PAGE analysis showed the quantitative differences in clino-rotated calli and control (Fig. 5), and revealed that all the antioxidative enzymatic bands in treated calli were stronger than the control. These data indicate all isoforms are involved in more efficiently against clinorotation-induced oxidative damage. Moreover, intensities of the SOD and POX isoforms established the spectrophotometric results. As Gaspar et al. (1982) reported, the POX is in various isoforms which are developmentally controlled and respond to exogenous stimulations. Clino-rotation increased band intensity of SOD isoforms especially, Cu/Zn–SOD isoform, which was more prominent than that of the Mn-SOD isoform (Fig. 5d). Cu/Zn–SOD isoforms are commonly located in chloroplast or cytosol, and Mn-SOD in mitochondria (Amor et al. 2005). Our results showed that the chloroplast or cytosolic isoforms of SOD (Cu/Zn–SOD) could be the main part of total SOD activity, and protected calli under clino-rotation.

Conclusion

This study prepares a new perception of M. chamomilla calli responses to clino-rotation through the analysis of enzymatic antioxidative pathways. The increase in antioxidant enzyme activity, accumulation of sugars, and growth parameters were observed under clino-rotation condition.
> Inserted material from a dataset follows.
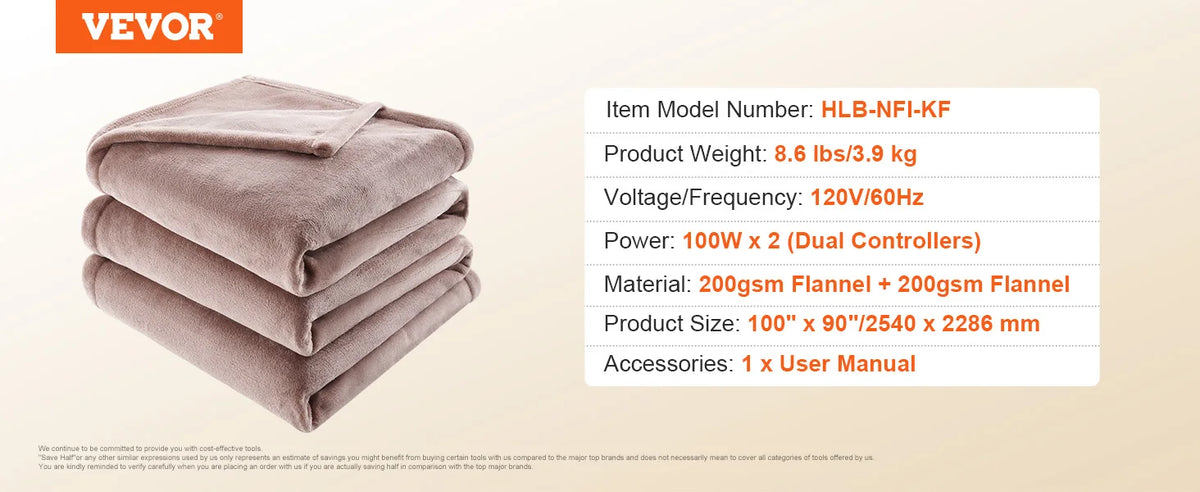 SucceBuy Electric Heated Blanket With Sherpa Flannel And Timer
The rise of cell growth, cell division proves that clino-rotation is not a limiting factor for the plant cell growth and development. CAT activity changes more obviously than POX and SOD, which means that CAT is more sensitive to clino-rotation than POX and SOD. A lower MDA content along with the increment of dry and fresh weights in clinostat treated-calli shows that calli are equipped with a free radical scavenging system. Though, the complicated mechanism in which antioxidant enzymes act a critical role following clino-rotation conditions stays obscure and needs to be examined further.